Biography

Tony Koslow
Former director, California Cooperative Oceanic Fisheries Investigations
Research Oceanographer emeritus, Integrative Oceanography Division

Tony Koslow is the former director of the California Cooperative Oceanic Fisheries Investigations (CalCOFI) and a research oceanographer emeritus in the Integrative Oceanography Division at Scripps Institution of Oceanography at UC San Diego.

Koslow’s research interests include deep-sea ecology and biological oceanography, combining an active field program with analysis of ocean time series. Since returning to Scripps in 2007, his field work has focused on the use of ecological time series to understand and manage human impacts on marine ecosystem, and the ecology of the micronekton: the small pelagic and mesopelagic fishes that dominate the water column. Koslow instituted sampling of the micronekton using multi-frequency acoustics and pelagic trawling on Scripps’ CalCOFI cruises and with the California Current Ecosystem Long-Term Ecological Research program. His analyses of the CalCOFI ichthyoplankton time series have shown that the mesopelagic fish fauna of the California Current is closely tied to long-term changes in midwater oxygen concentration and that fishes witih cool-water affinities have exhibited long-term decline that appears linked to local and large-scale oceanographic forcing, such as the strength of the California Current.

From 1989 to 2007, Koslow was a senior research scientist with the Marine and Atmospheric Research Division of Australia’s Commonwealth Scientific and Industrial Research Organization (CSIRO).

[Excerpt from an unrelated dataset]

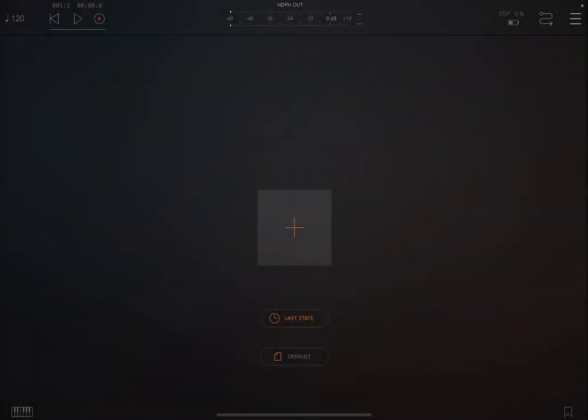Hello everybody, welcome to a new tutorial from Sound4More, it's Leo speaking. Today I'm going to show you, demonstrate to you and give you a tutorial on UDA, a fantastic new portable MIDI sequencer from Ryan Robinson.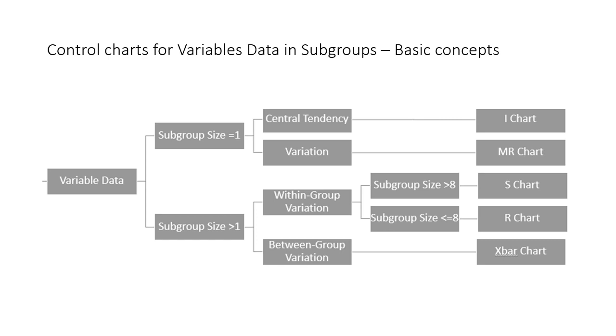We use R chart and S chart to monitor within subgroup variation, and we use X bar chart to monitor between subgroup variation.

He joined the CSIRO to lead its deepwater ecology program, where his research involved surveys of deepwater fish populations, discovering the broad diversity of seamount coral reefs in the South Pacific, assessing the impacts of deepwater trawling, and designing marine reserves to protect Tasmanian seamounts.

Koslow received a bachelor’s degree in philosophy and literature from Harvard University and a bachelor’s degree in zoology from the University of Washington. He received a Ph.D. in biological oceanography from Scripps Oceanography in 1980 and took up an appointment as a fisheries oceanographer at Dalhousie University before joining the CSIRO.

Koslow published “The Silent Deep” in 2007, a book about the exploration, ecology, and conservation of the deep sea, which was awarded the Victorian Premier’s Literary Award for Science Writing. Koslow’s awards include being a finalist for Australia’s Sherman Eureka Prize for Environmental Research, the Don McAllister Medal for Marine Conservation, a Pew Fellowship in Marine Conservation, and the inaugural E.W. Fager Award from Scripps.